What the task asks:
Find the line that holds "Mid adult woman" in the material below. Output that line and each one after it exactly, but not the pictures.

Segment Open

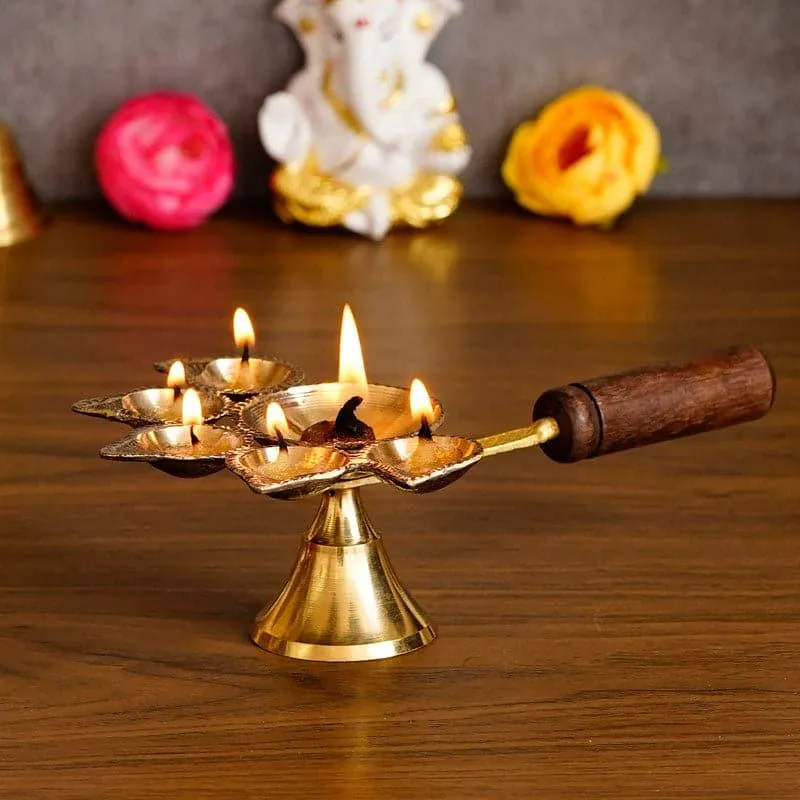 Lit gold-toned panchdeep diya with a brown wooden handle on a wooden surface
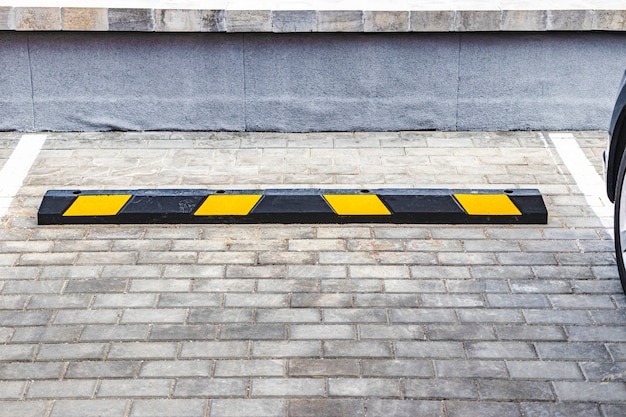 Un Parking Vide Dans Un Quartier Résidentiel Avec Des Arrêts De Stationnement Jaunes Pour Les Voitures. Fermer. Arrêtez Le Limiteur De Stationnement.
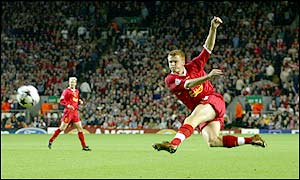 Riise strikes the ball venomously but he is denied by the crossbar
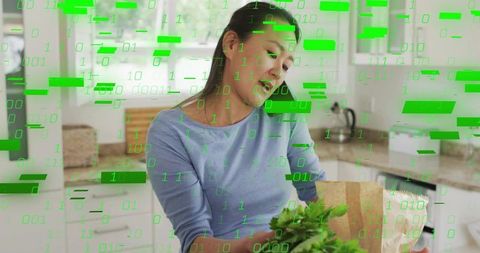 Mid adult woman unpacking groceries and arranging leafy greens in modern kitchen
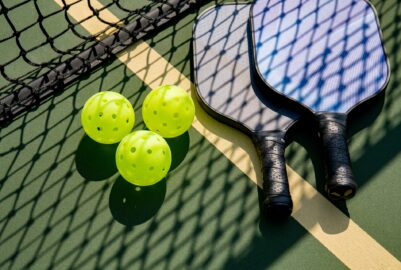 Pickeball paddles and balls on a court.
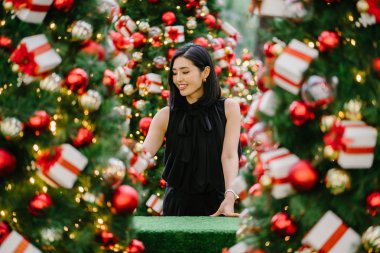 Güzel ve genç bir Kore Asya kadın portresi beholds ve harikası Noel süsleri smiling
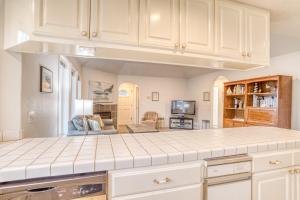 a kitchen with white cabinets and a counter top at Sea-Renity in Lincoln City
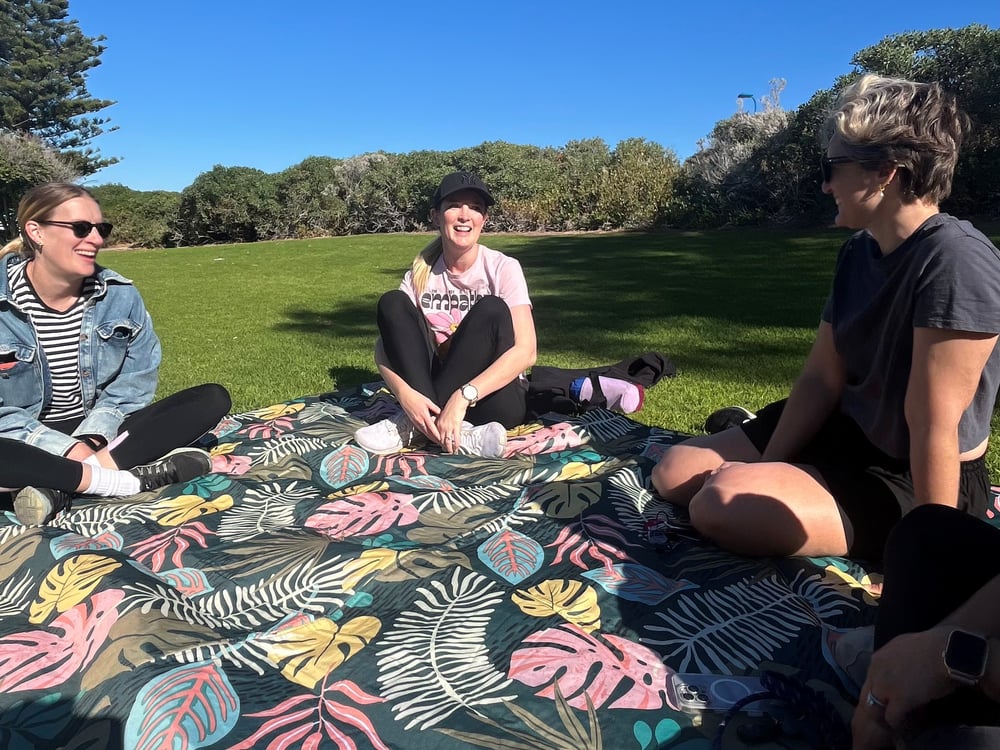 Three Heart First Founders members chatting on a picnic blanket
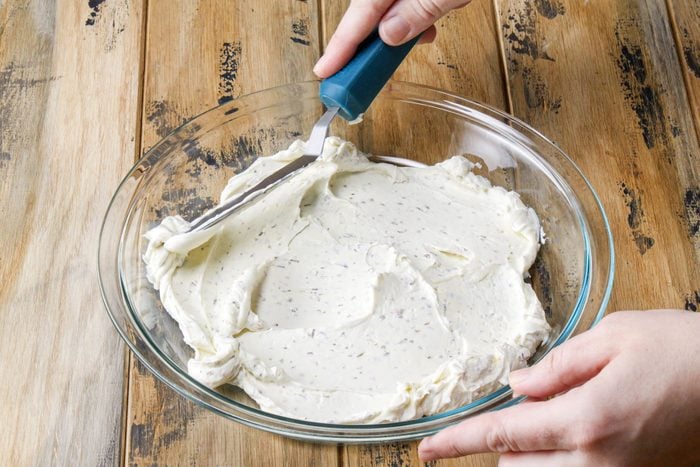 Spreading cream cheese in a large bowl
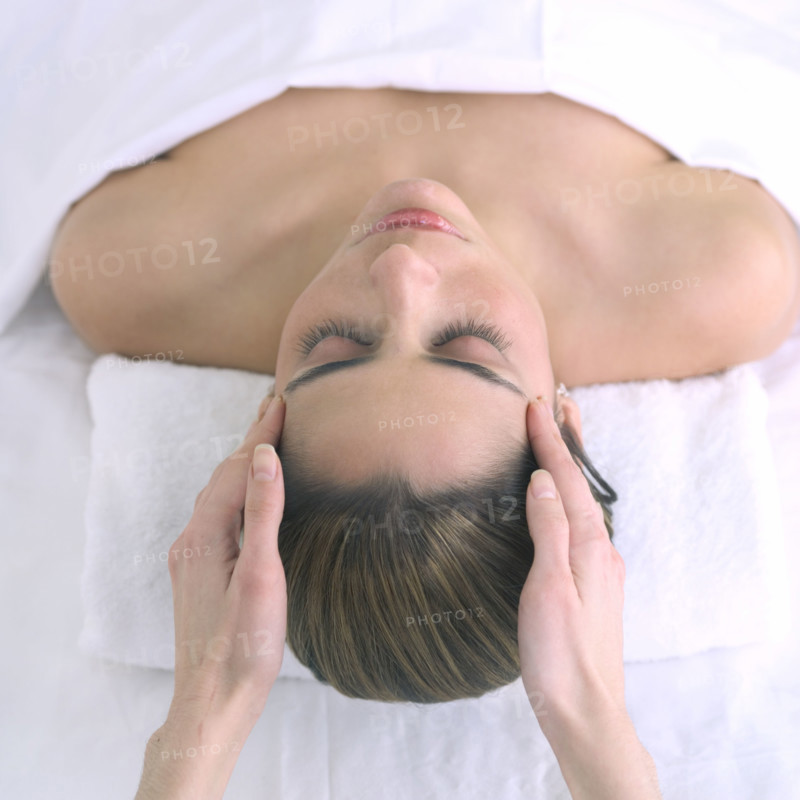 Woman receiving a head massage.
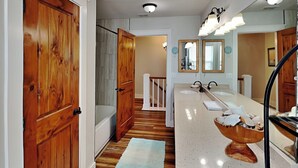 Un bagno con porte in legno, una vasca, un mobile lavabo con due lavandini e uno specchio.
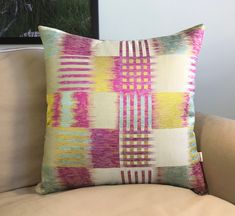 a colorful pillow sitting on top of a couch next to a framed painting in a living room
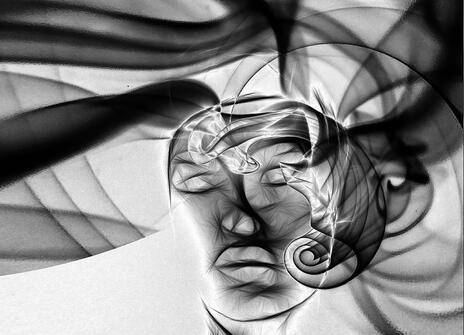 A person face is created using lots of smoke and lines. 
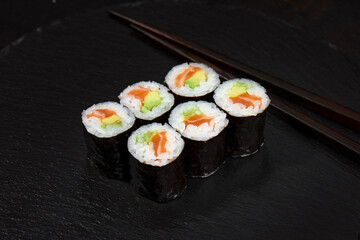 Set of tuna sushi rolls on black desk background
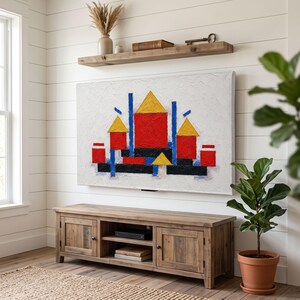 Puede incluir: Un cuadro rectangular sobre lienzo con fondo blanco texturizado y formas geométricas en rojo, amarillo, azul y negro. La obra está montada en una pared de listones blancos sobre un mueble de madera para televisión y un estante flotante.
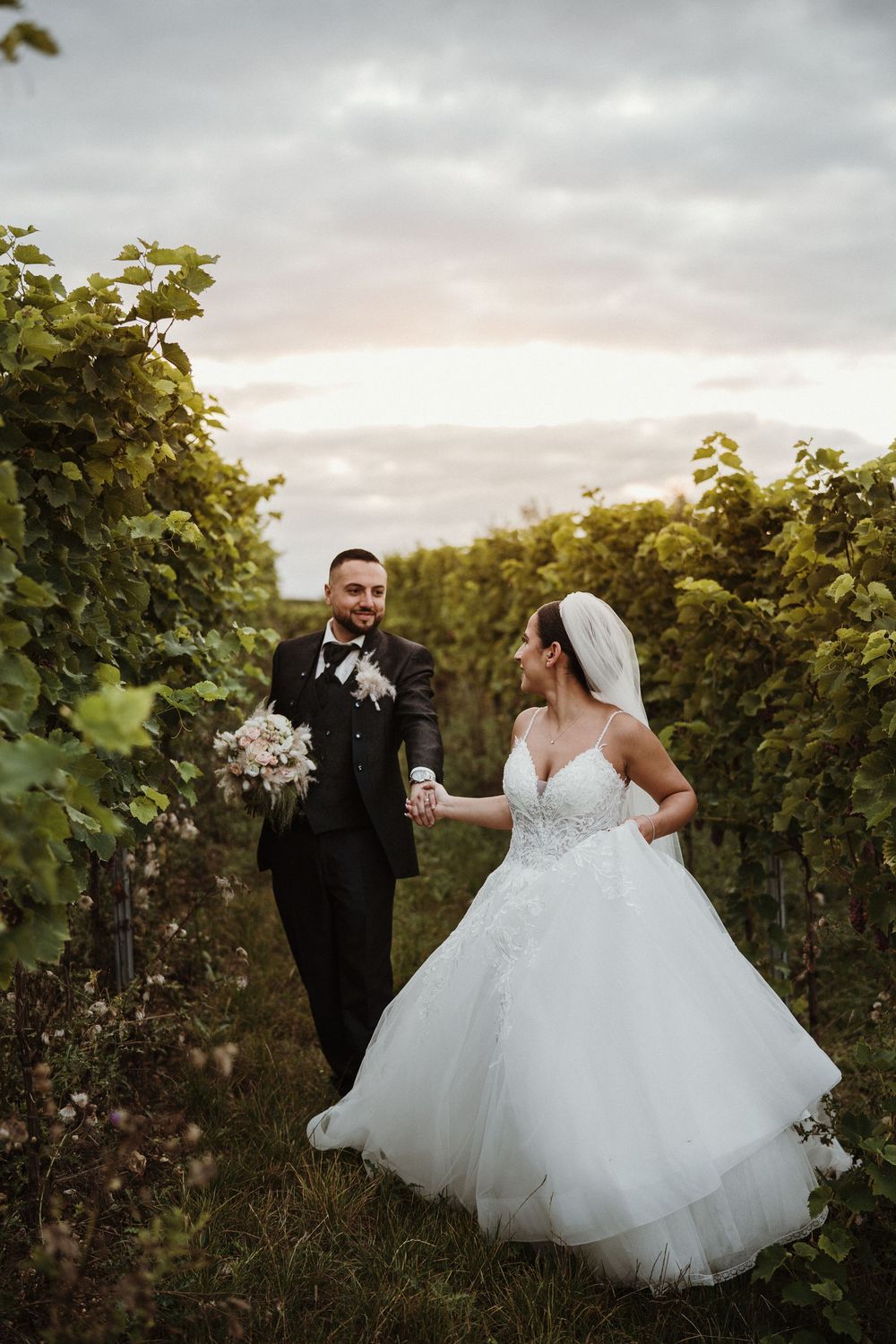 A romantic wedding photoshoot in a scenic vineyard at sunset with a flowing white ballgown dress.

Segment Closed

Result of the exercise:
 Mid adult woman unpacking groceries and arranging leafy greens in modern kitchen
 Pickeball paddles and balls on a court.
 Güzel ve genç bir Kore Asya kadın portresi beholds ve harikası Noel süsleri smiling
 a kitchen with white cabinets and a counter top at Sea-Renity in Lincoln City
 Three Heart First Founders members chatting on a picnic blanket
 Spreading cream cheese in a large bowl
 Woman receiving a head massage.
 Un bagno con porte in legno, una vasca, un mobile lavabo con due lavandini e uno specchio.
 a colorful pillow sitting on top of a couch next to a framed painting in a living room
 A person face is created using lots of smoke and lines. 
 Set of tuna sushi rolls on black desk background
 Puede incluir: Un cuadro rectangular sobre lienzo con fondo blanco texturizado y formas geométricas en rojo, amarillo, azul y negro. La obra está montada en una pared de listones blancos sobre un mueble de madera para televisión y un estante flotante.
 A romantic wedding photoshoot in a scenic vineyard at sunset with a flowing white ballgown dress.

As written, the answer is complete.